Husky 50' Retractable Air Hose Reel Home Depot $64 was $129
Poulan Pro 18 inch Chain Saw $50 was $149
Husky 5000W Generator $299 at
A handful more tools/nail guns/generators are clearenced or are put on clearanced every day.

Online Clearanced Items
http://www.homedepot.com/webapp/wcs...21&PID=1225267&SID=u532115t1842867f0fp0c0s671



Home Depot will also accept coupons from Harbor Freight & Lowes (IE: 10% off 20% off etc etc). Lowes will also price match items from Home Depot, not to add any confusion.

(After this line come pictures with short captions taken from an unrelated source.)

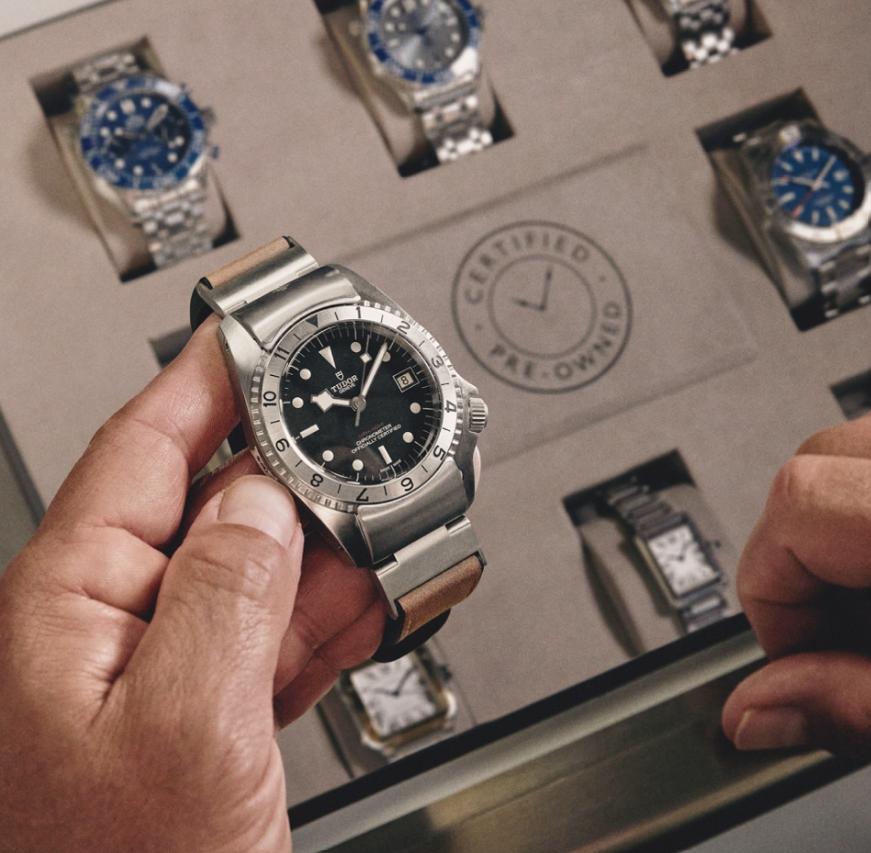 A Guide to Buying Pre-Owned Designer Watches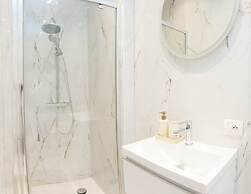 One Lux Stay 2br/ 2BA Antwerp Near Central Station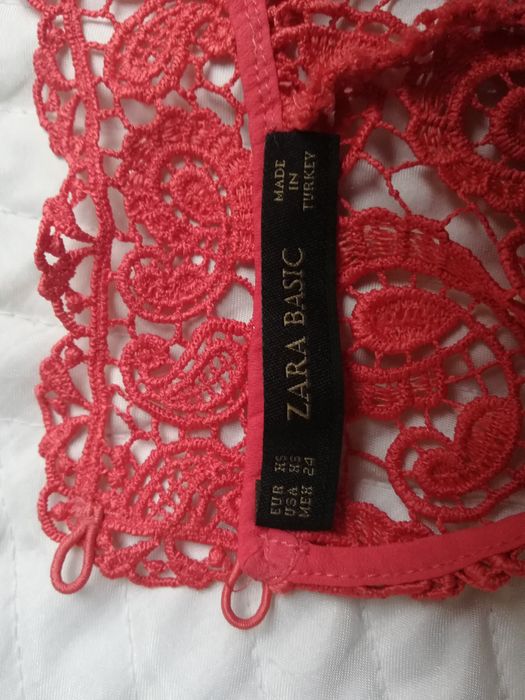 Sukienka narzutka koronkowa firmy Zara rozmiar XS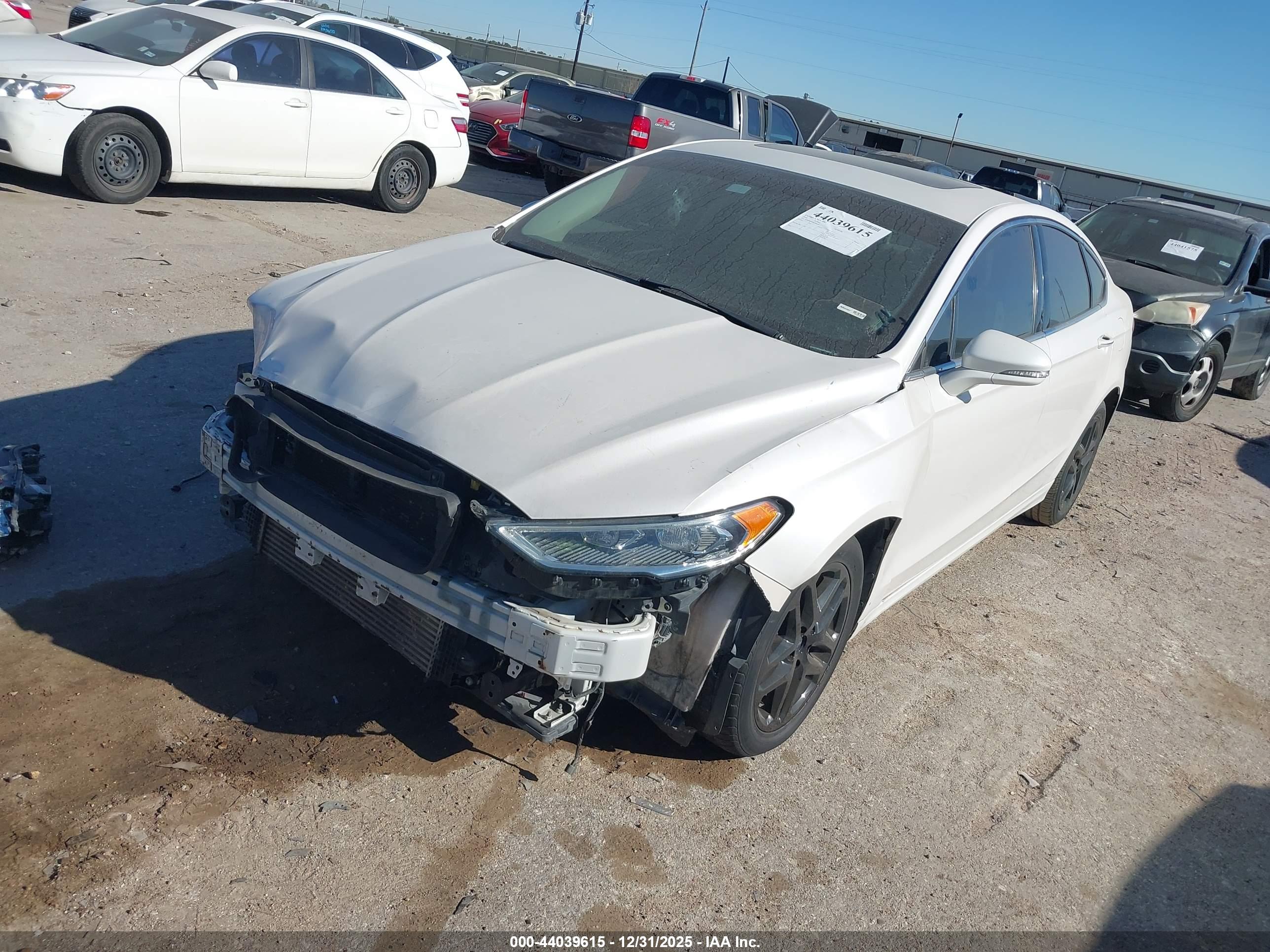 FORD FUSION image 2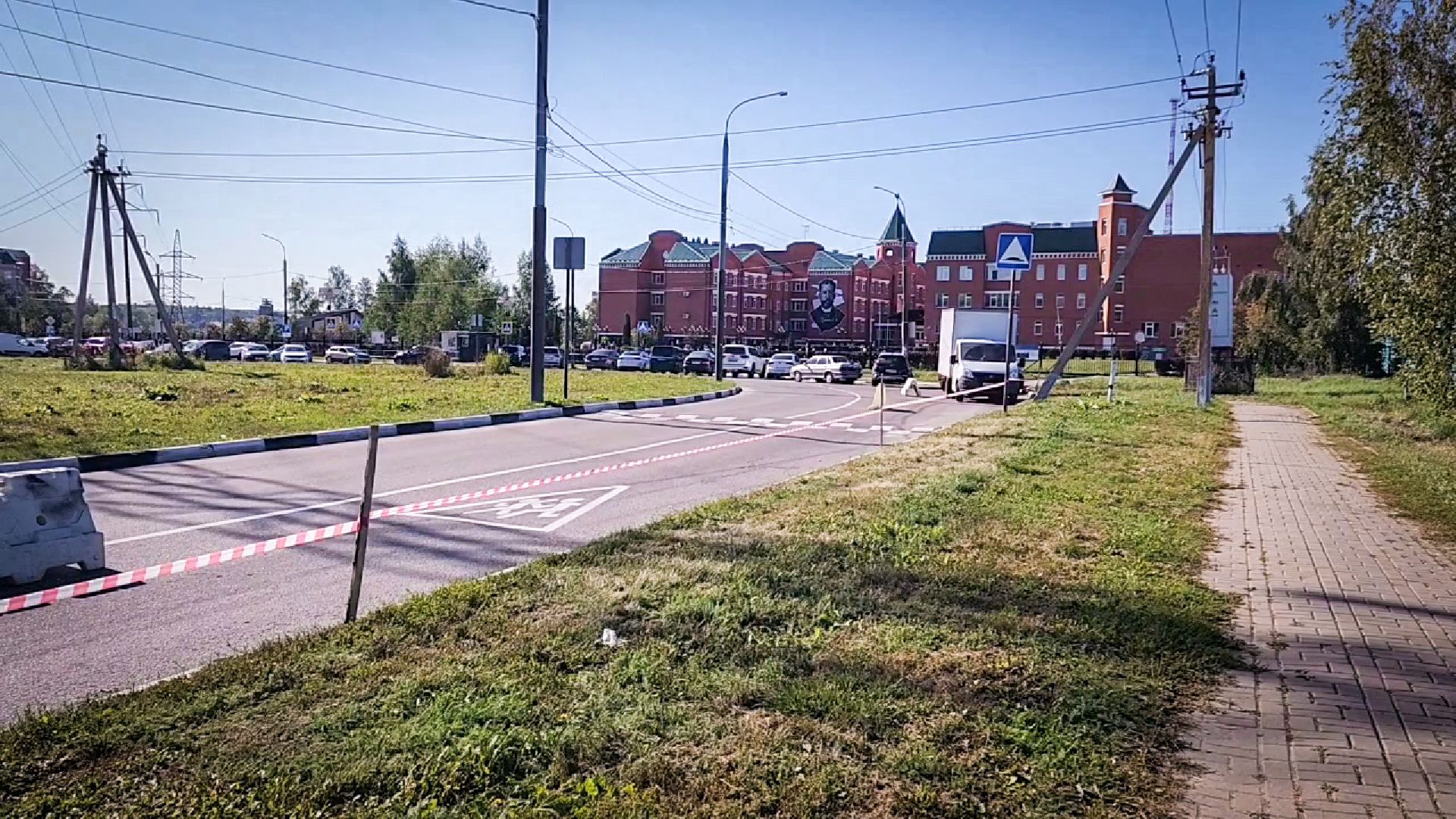 бронницы, новая парковка в бронницах, строительство заездного кармана в бронницах,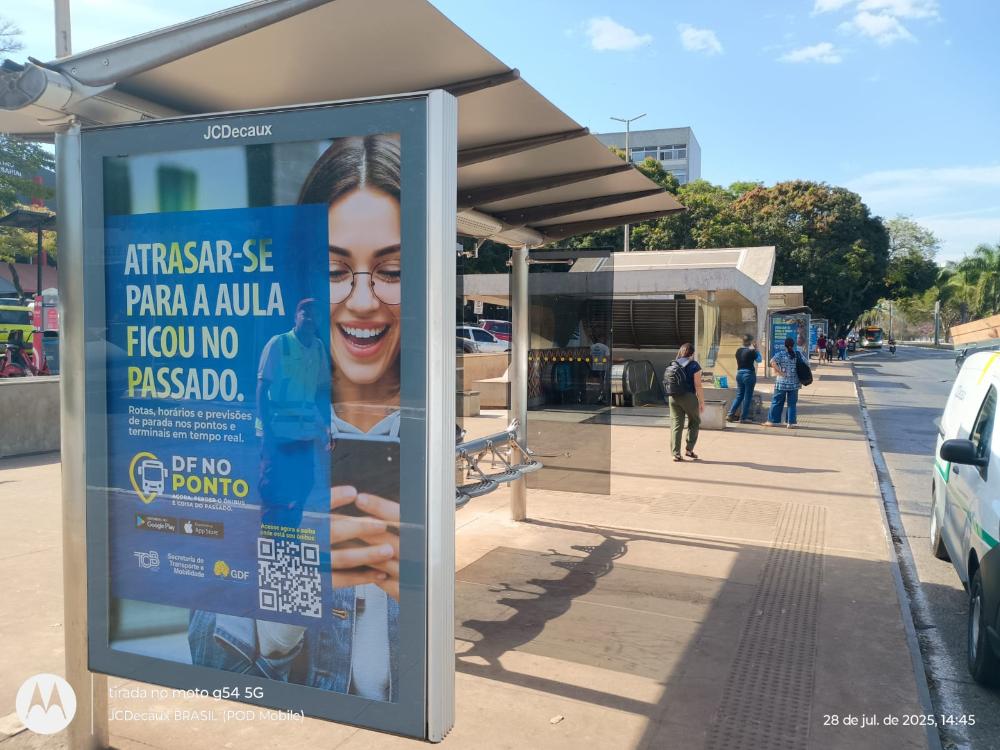 Capa da notícia: Usuários aderem ao DF no Ponto para planejar viagens do transporte público coletivo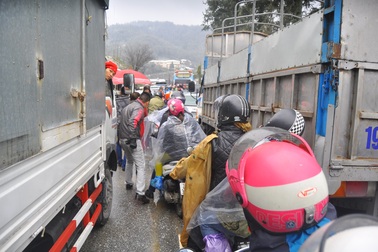 Người dân đổ xô lên Sapa xem tuyết, quốc lộ 4D tê liệt hơn 10 giờ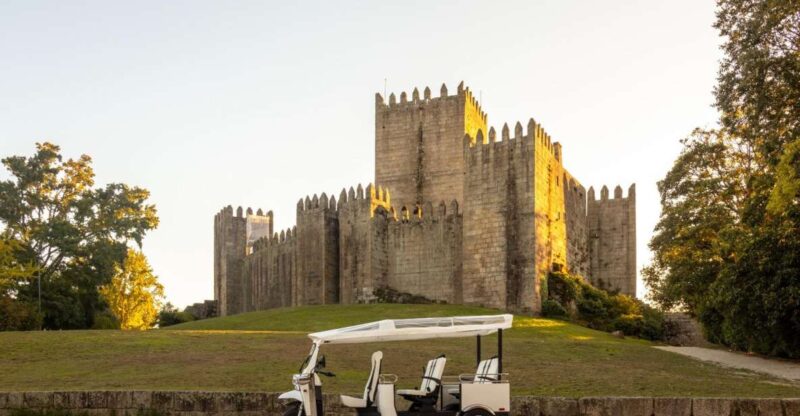 Sightseeing Tours by Electric Tuk-Tuk in Guimarães - Booking and Payment Process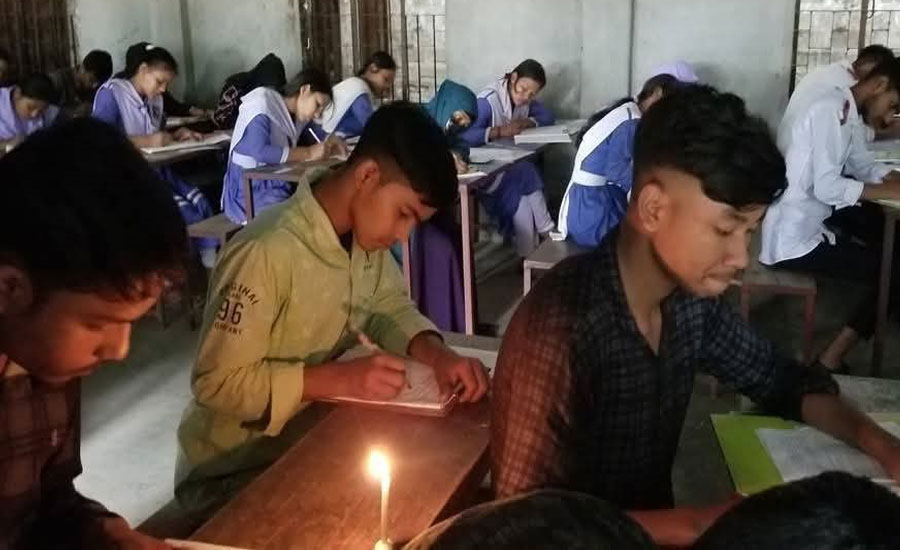 ঠাকুরগাঁওয়ে মোমবাতি জ্বালিয়ে এসএসসি পরীক্ষা গ্রহণ 
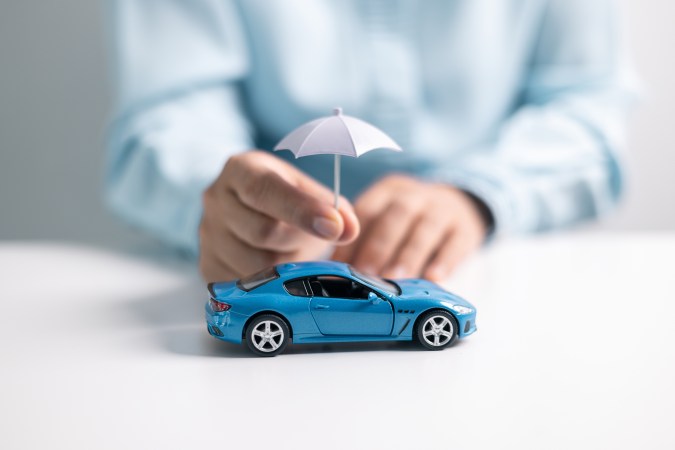 seguros de carros baratos cerca de mi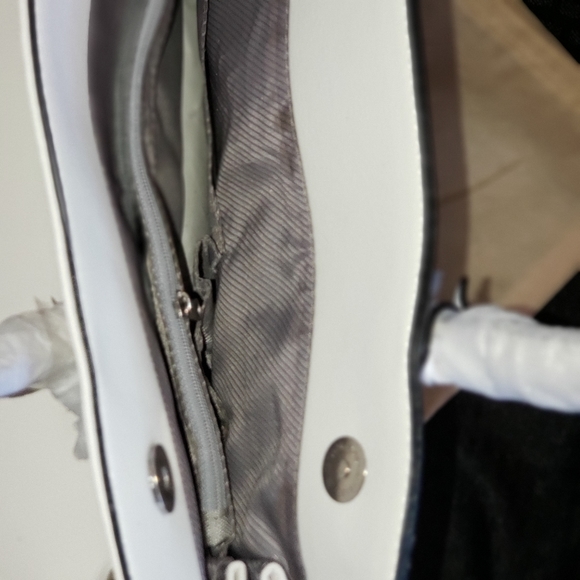 $22 Special..La Vani handbag - Picture 3 of 3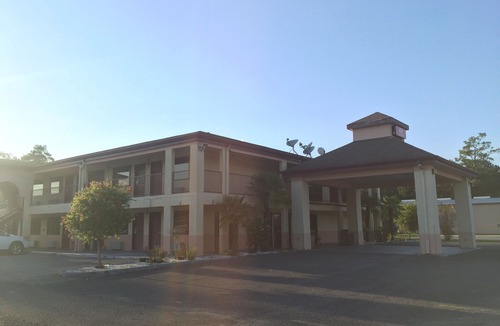 Kinder Hotel | OYO Hotel Kinder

Two more sites I like to check out when I have time are
http://www.reconditionedsales.com/
http://tooliday.com/
http://wood.tooliday.com/

I owe most of thanks and deal finds to this information from
http://slickdeals.net/forums/forumdisplay.php?f=9
(if you scroll down to the bottom it allows you to select certain categories you would like displayed.)

Hopefully this is the right spot, and good luck deal hunting.


----------



## knotscott (Nov 8, 2007)

Good info...thanks for sharing! :thumbsup:


----------



## RLHERRON (May 15, 2008)

Appreciate the information, heading to the HD now. I can't call this store, they never know anything about anything. Last info I got from this site, I had to tell the employee what the deal was. :laughing:

Thanks

RLH :thumbsup:


----------



## DerekG (Dec 28, 2009)

Another handy place is http://www.cpooutlets.com/ they have stores for quite a few brands of refurb tools.


----------



## mdlbldrmatt135 (Dec 6, 2006)

Usualy the only ones that know about the deals at HD are the Managers & Dept. Heads.... Occasioanlly other employees... atleast the ones trusted with doing pricing. And there are rules that they must follow about the deals like that... they're not supposed to buy for 48 hours.


----------



## snav (Jan 24, 2010)

Awesome - thanks


----------



## JohnK007 (Nov 14, 2009)

_"Dewalt DW735 13" Planer - $199-279 at Home Depot"

_You found a DW735 for $199 ??????? Damn, and I just bought the Ridgid planer at HD for $399 two weeks ago! Just my luck !!


----------



## upnorf (Feb 2, 2010)

JohnK007 said:


> _"Dewalt DW735 13" Planer - $199-279 at Home Depot"
> 
> _You found a DW735 for $199 ??????? Damn, and I just bought the Ridgid planer at HD for $399 two weeks ago! Just my luck !!



The Ridgid Jointer Planar is also clearenced out at home depot, my price check has ranged from $199.-279. If you have bought it within the last few weeks go check the current price & get a price match


----------



## djg (Dec 24, 2009)

"Home Depot will also accept coupons from Harbor Freight & Lowes (IE: 10% off 20% off etc etc). Lowes will also price match items from Home Depot, not to add any confusion."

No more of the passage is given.